I used to say things like, "No, isn't' that great!!!" just to shut them up.

It sounds like you might need to go to the, "This works for us and the matter isn't up for discussion," approach.


----------



## oaktreemama (Oct 12, 2010)

Eh once or twice I would be polite and say what you are saying-"it is working for us" or "we are happy with how things are going."

BUT, when it is time after time after time I respond kind of the way I do to my toddler. "I have decided that this is the best way for us and I am not going to discuss it anymore."

Say it with a smile, but say it with meaning. I tend to believe if you don't nip an overbearing MIL in the bud, the "suggestions" will only get worse as your baby gets older.


----------



## CBEmomma (Oct 24, 2010)

I would just say "you know what, it's working for us and this is what we like. When the time comes to put her in her own room we'll let you know".

I use to get questions like that, and I didn't feel the need to say why we co-slept, especially past 1 year. But finally after the millionth time being asked I finally said, well yelled "no, he's not. He has seizures in the middle of the night and doesn't want to sleep alone. He has been in his own bed but during a seizure he fell off and got stuck inbetween the wall and bed. It was traumatic and horrible for him and he feels safer with us and so do I. When he feels it's best for him to be in his bed he'll be there". My oldest is only 3, so I don't see the rush in getting him to his own bed. He's already really independant, so that's not an issue.


----------



## P.J. (May 18, 2010)

My MIL says the same thing. All.The.Time.








Otherwise she's pretty open and on board for our style pf parenting. She takes care of DS sometimes and she's really good with him. But unfortunately it means she's involved and does see when he has sleep issues. Otherwise I would avoid the topic altogether. Just the other day I was getting pretty upset about recent sleep issues we're having and we actually are considering getting him a crib...for naps only....and MIL was overjoyed. When I told her the baby will still be sleeping with us at night, she asked how long. I told her the truth: probably around 2 years or more. She was like: "TWO YEARS!!!!!!????" As if I had just told her we were going to remove his eyeballs just for fun or something.

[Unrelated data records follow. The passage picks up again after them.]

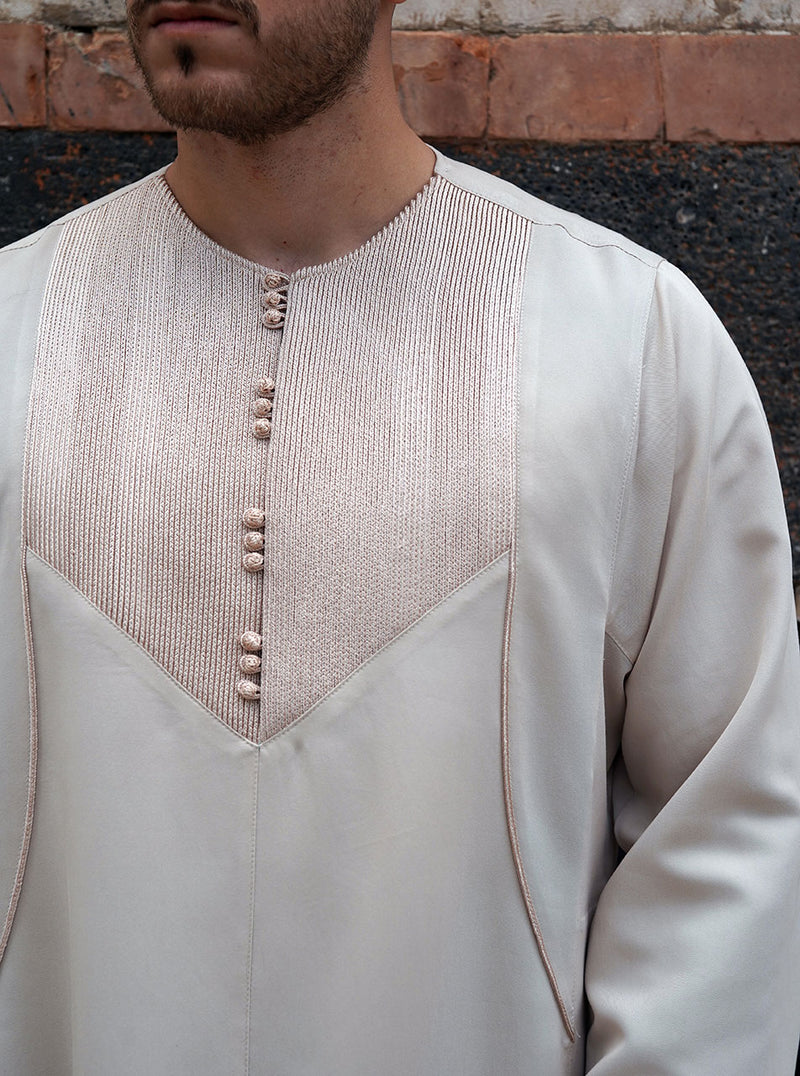 Sana Twine Embroidered Thobe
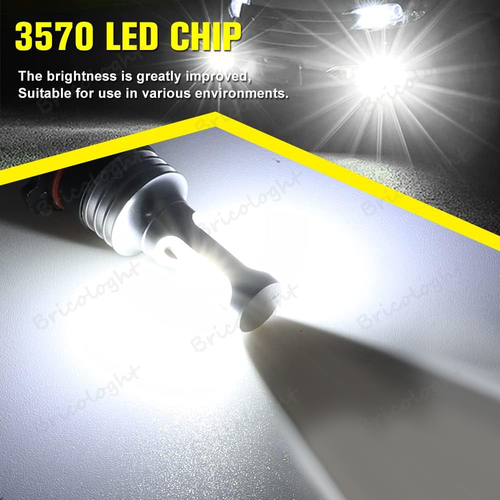 For 2004-2014 Ford F-150 White LED Headlight Hi/Lo + Fog Light Bulbs Combo 4x - Picture 15 of 16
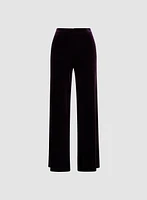 Velour Wide Leg Pull-On Pants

I have also asked DH to stand up more for us since it's his mom (and his sister, who also questions some things we do), and he only does so a little bit. Honestly, I have learned in this short time of being a mother to set firmer limits with my in laws (as well as my own family, and coworkers, etc). While I get why you want and need your partner's support here, I think it's also very important that you stand up for yourself and your parenting. Yes, it could create some awkward moments, but perhaps she'll get the point and leave you alone. The only other option, as far as I can see, is to really avoid the topic of sleep altogether ~as I do with my dad's wife, who thinks we should use CIO.









But yeah, I totally know this story, and it sure is annoying.


----------



## Kelly1101 (Oct 9, 2008)

Quote:


Originally Posted by *LZP* 
How do I respond? MIL asks me this, or some variation of it EVERY.SINGLE.TIME we see her. Every time. Generally, I just say, "nope!" and then she proceeds to tell me how we should really get her into her own crib, she'll never learn to sleep on her own, she's getting too old, etc.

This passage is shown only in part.